De Uribe, que para muchos pudo ser el mejor presidente en la historia de este país (como lo decía el mismo Santos), o tal vez el más popular, no quedó otra cosa que las chuzadas, Agro Ingreso Seguro, las zonas francas de sus hijos y toda la decepción de un gobierno torcido, de un líder enloquecido con el poder que llegó a estar, con megáfono en mano, haciendo ‘resistencia civil’ afuera del evento más importante de este país en los últimos cincuenta años. Él pudo estar ahí, quedar en la historia, pero pudo más su soberbia. Álvaro Uribe y Andrés Pastrana (el que sí les entregó el país a las Farc) ahora son amigos, son llaves, son compañeros en la oposición a este acuerdo que parará, al menos un poco, todo este desangre. En esto terminó Uribe. Los políticos no tienen memoria.

Después de lo de mi padre no he vuelto a tener desgracias cercanas, no que yo recuerde, pero cada colombiano ha tenido contacto, ha estado presente, ha vivido personalmente o por terceros algún infortunio causado por la guerra o el narcotráfico. Tuluá lo vive cada sábado. Quizás es de las pocas ciudades, si no es la única, que lee el periódico local al revés. Sí, al revés, por la singular razón de que El Tabloide trae los muertos de la semana en la última página. No es extraño en las reuniones familiares ver a alguien leyendo primero la última página y diciendo: “Ve, se murió fulano; ve, mataron a tal otro”. Colombia está enferma.

Entonces, de todo esto, de ser víctima (algo ya superado), de estar en la selva, de caminar con la zozobra de una explosión en mis piernas y de ver a los que la padecieron, solo me queda darle un SÍ al Plebiscito. Alguna vez me monté a un bus y se subió un poeta callejero. Luego de echar lora un buen rato terminó hablando de Colombia, del sistema de salud, de la vivienda, de los políticos, en fin, y remató: ”Porque nosotros, como sociedad, somos un fracaso”. Qué sabio. Pero es una razón más para votar SÍ.

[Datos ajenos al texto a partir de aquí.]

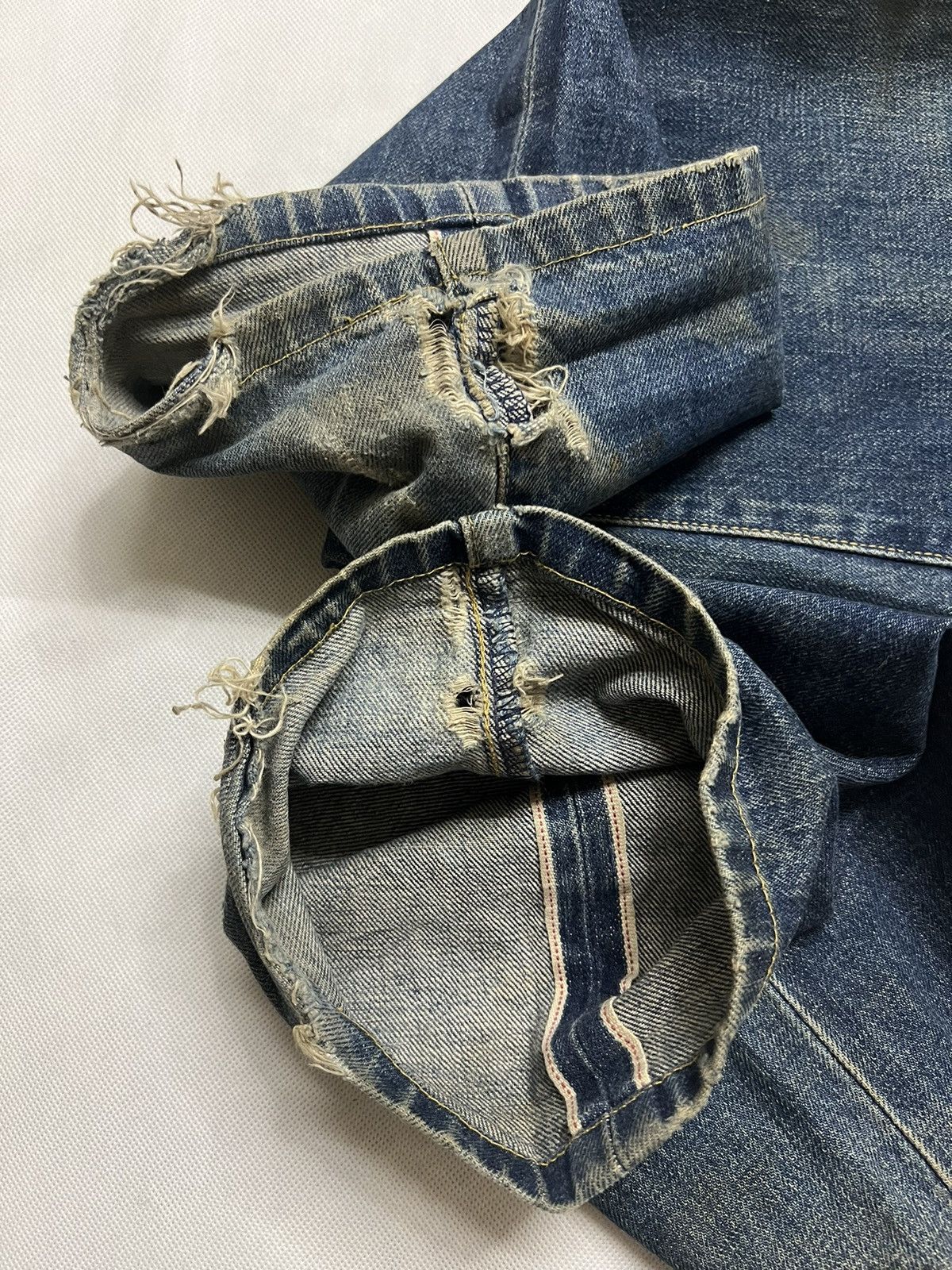 Levi's Vintage 80's Levis 702 "E" Buckle Back Selvedge Denim Size US 33 - 14 Thumbnail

Aún me queda la esperanza de dejarles a mis sobrinos y primos chiquitos un país diferente, así algunos insistan torpemente en que nuestra zona de confort debe ser la de darnos plomo otros cincuenta años, mientras renegociamos el Acuerdo, convencemos a las Farc de pagar cárcel como insiste el Centro Democrático y tratamos de hacer entrar en razón a los grupos cristianos de que esto no se trata de Jesucristo, sino de toda una sociedad que quiere parar la sangre, incluyéndolos a ellos. Las Farc quieren hacer política, allá ellos, ¡qué más castigo que mandarlos al Congreso, por Dios! Quieren el poder, ¡obvio!, entonces nuestro papel, si no estamos de acuerdo con sus posturas, es la de votar por otro que sí nos guste. Fácil. La paz estable y duradera no llegará después del Plebiscito, tampoco el castro-chavismo (¿Santos castro-chavista? ¡Ay!), pero con mi voto haré el intento, para así contarle a la gente en unos años que Colombia, por fin, es un país normal.